First of all, put some jasmine rice on to cook while you work on the rest of this.
lemongrass ready for mincing
That little picture there is to show you how lemongrass should look just before you mince it – bublous part only, halved, and core removed.
Using a mortar and pestle, roughly mash the minced lemongrass, the minced galangal, and the sliced garlic with a pinch of salt. Alternatively, mince everything together as finely as possible on your cutting board, mashing with the back of a spoon, if you like. OR you can put everything in a zipper-lock freezer bag and bash it with a mallet.

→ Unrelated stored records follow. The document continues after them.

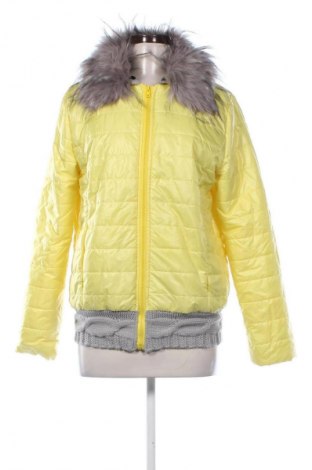 Geacă de femei Unbranded, Mărime L, Culoare Galben, Preț 183,20 Lei
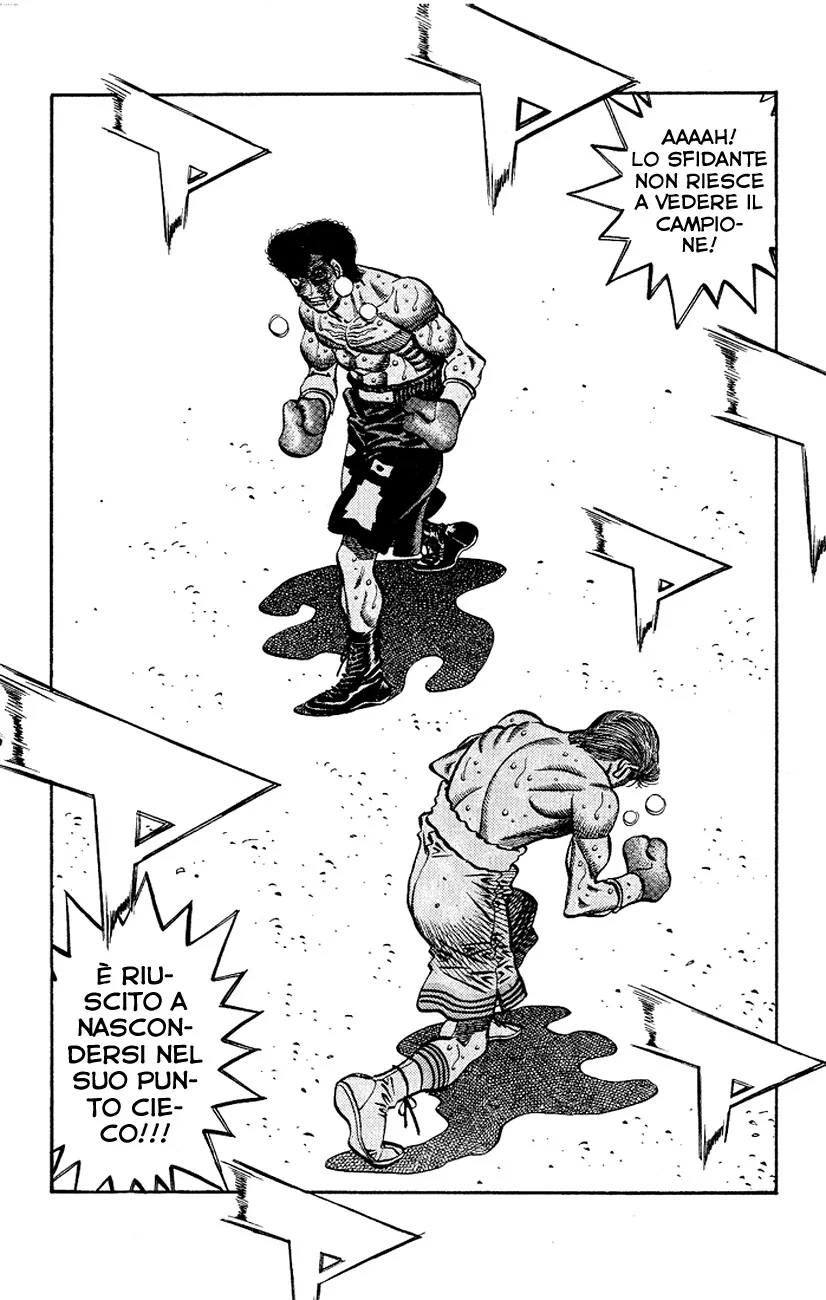 Read Hajime no Ippo IT Manga Online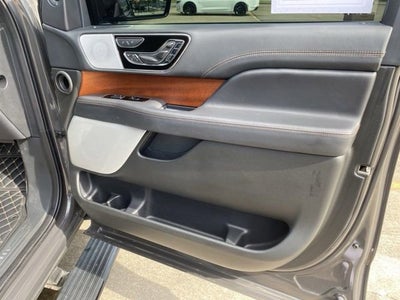 2023 Lincoln Navigator Black Label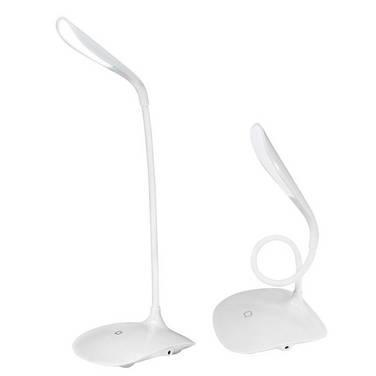 Eaxus  79760 Lampe de bureau LED LED   blanc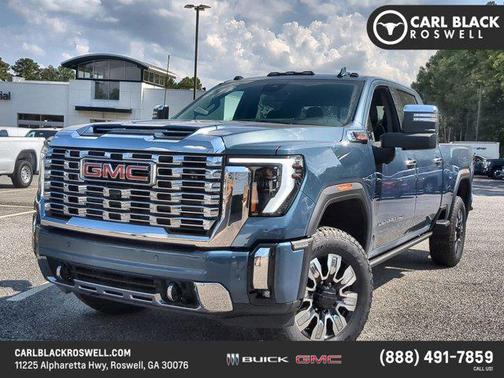 2025 GMC Sierra 2500 Denali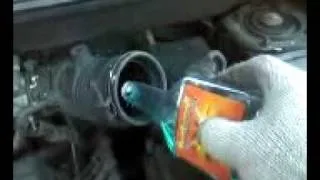 How To Clean Throttle Body Naza Citra (Kia Carens)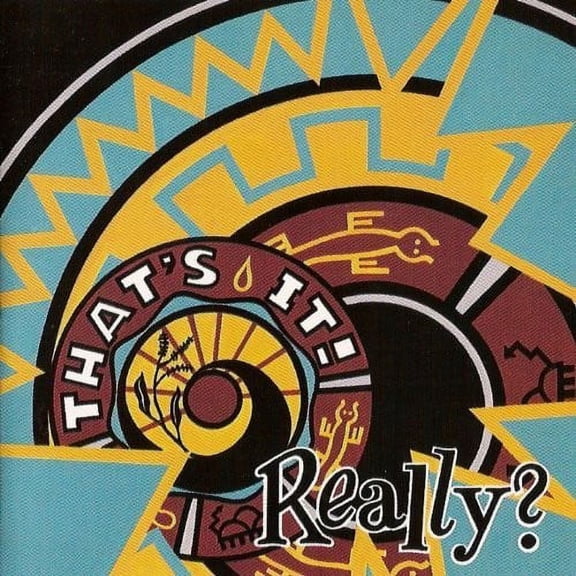 That's It - Really - Music & Performance - Vinyl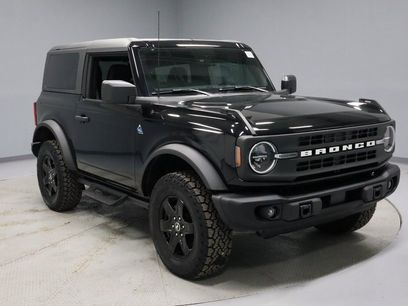 Used 2024 Ford Bronco Black Diamond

Open the can of coconut milk. It should have separated into a thick spoonable coconut “cream” at the top of the can and a thinner coconut water underneath. Scoop out all of the thick cream into a liquid measuring cup, leaving the thinner water behind in the can. You should have 200 to 250 ml (1 cup) of thick coconut cream. If not, open a second can of coconut milk and scoop the thick milk off it until you have enough thick coconut milk to proceed. Reserve the thin watery coconut milk for another use.

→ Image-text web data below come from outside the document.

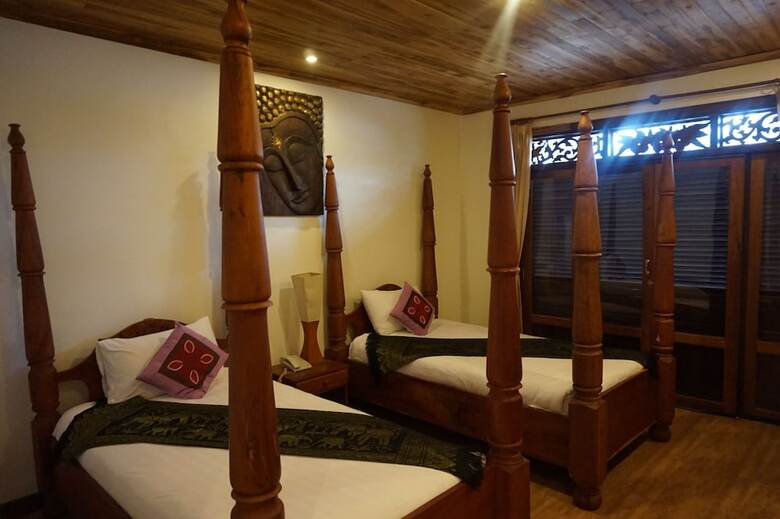 Posada Luangprabang River Lodge 2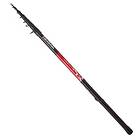 Daiwa Samurai Tele Sl Bolognese Rod Svart 4,00 m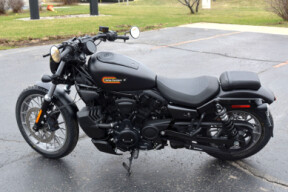 2026 Harley-Davidson® Nightster® Special Black Denim Black Trim thumb 2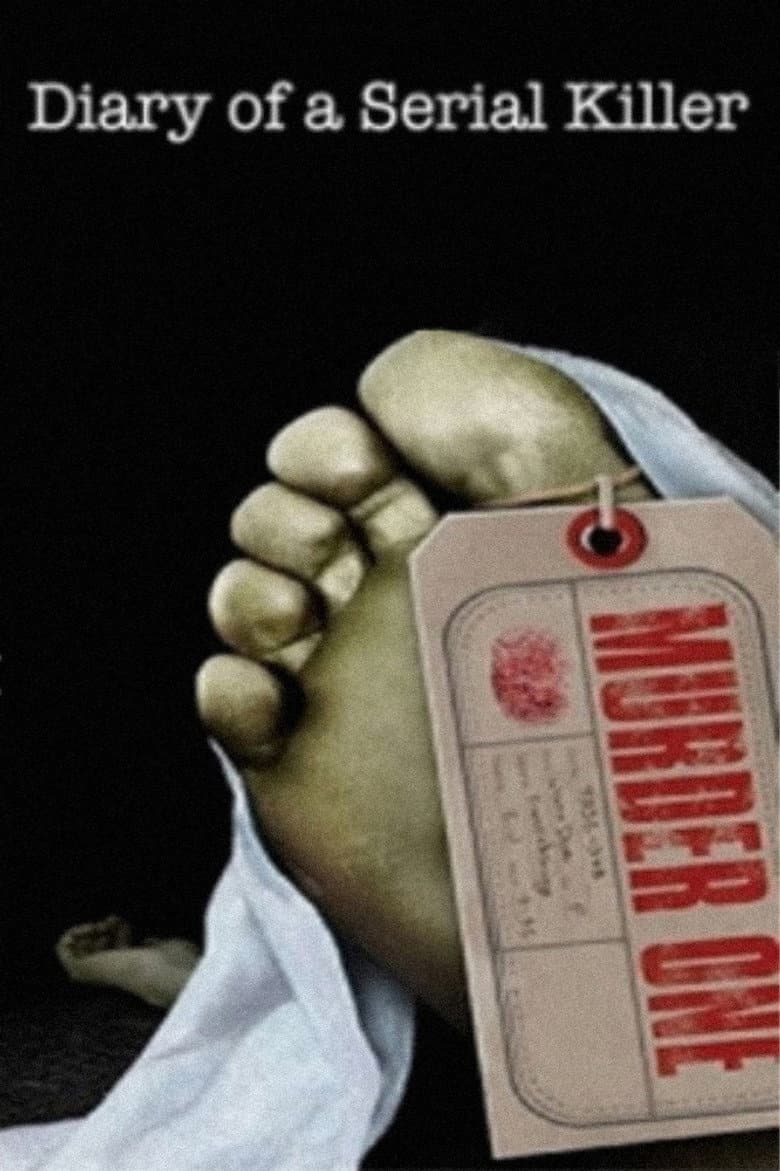 Murder One: Diary of a Serial Killer poster
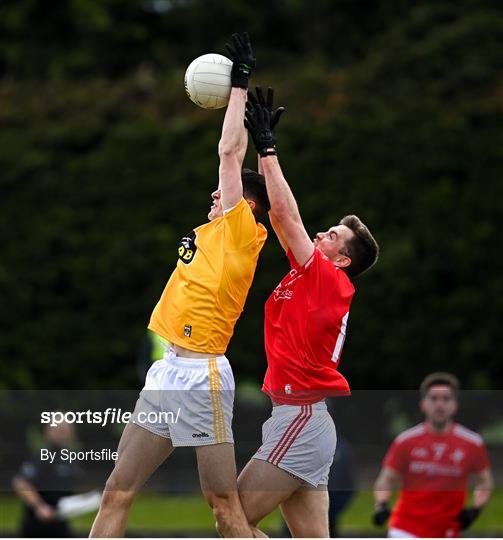 Louth v Antrim - Allianz Football League Division 4 North Round 1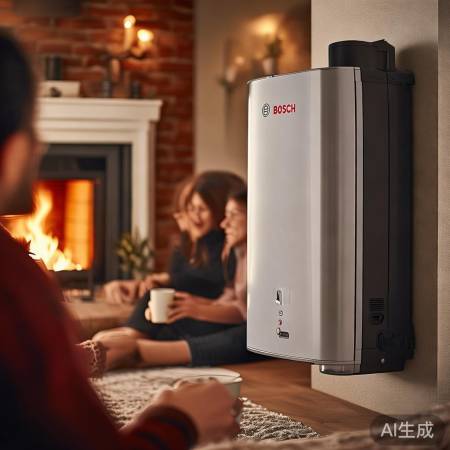 博世壁挂炉108，温暖冬日茶话
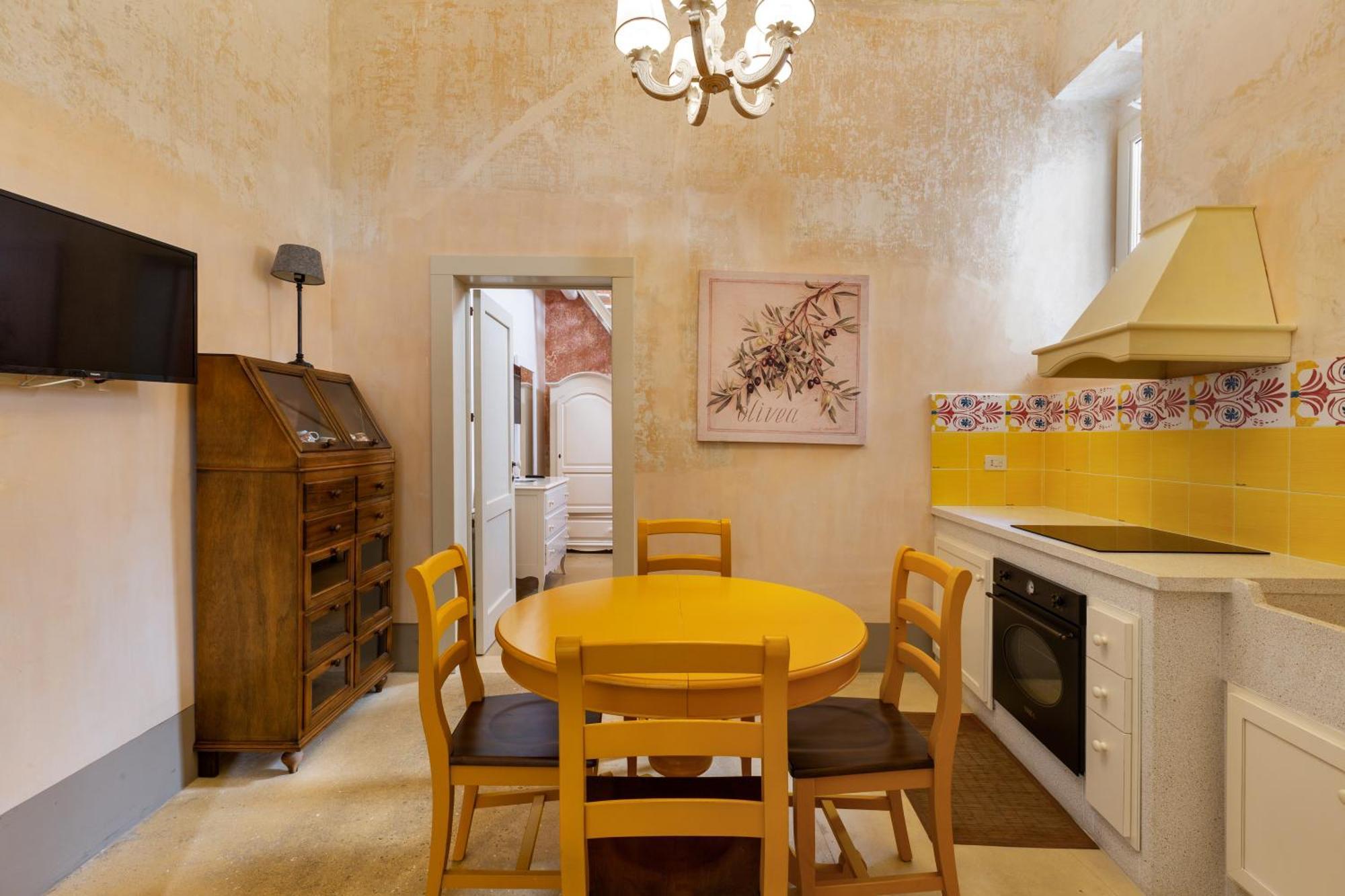 Aparthotel Dimora Storica Briganti Gallipoli Esterno foto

Heat a large saucepan over medium heat. Add the oil and swirl to coat the bottom of the pan. Add the curry paste and the mashed or minced lemongrass mixture. Sauté, stirring constantly, for about 30 to 45 seconds, then add 2 tablespoons only of thick coconut cream. Continue to cook, stirring, until the oil separates from the coconut milk and most of the liquid has evaporated. The curry paste should smell fragrant, but not burnt. This is the best picture I could get of the oil separation (come to my cooking class if you want to see it better :))

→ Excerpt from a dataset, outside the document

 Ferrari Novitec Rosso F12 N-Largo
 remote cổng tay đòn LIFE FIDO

oil separation (to bring out the flavour of curry paste)
Now add the rest of the thick coconut milk and bring to a gentle simmer. The coconut milk should not boil or it will separate. Let the mixture simmer very gently, or even leave it sit off the heat, while you prepare the prawns and vegetables. Peel the prawns, leaving the tails on for pretty effect, if you like (I do not like – too hard to peel that way, and too hard to eat). Cut the halibut or other white fish into 2cm x 2cm chunks. Cut the veggies as indicated in the instructions
Add the vegetables to the curry sauce and simmer gently, covered, for about 5 to 6 minutes. Add the fish sauce, the prepared seafood, the keffir lime leaves, and the palm sugar to the pot and bring to a gentle boil. Reduce heat and simmer very gently, covered, for about 3 to 4 minutes, stirring occasionally, until seafood is just cooked through. Don’t over cook it, or the prawns will get tough and the fish will fall apart. Taste to adjust seasonings. You may need more fish sauce (salt) or palm sugar (sweet). Sprinkle the Thai basil over the top and serve immediately, with steamed jasmine rice.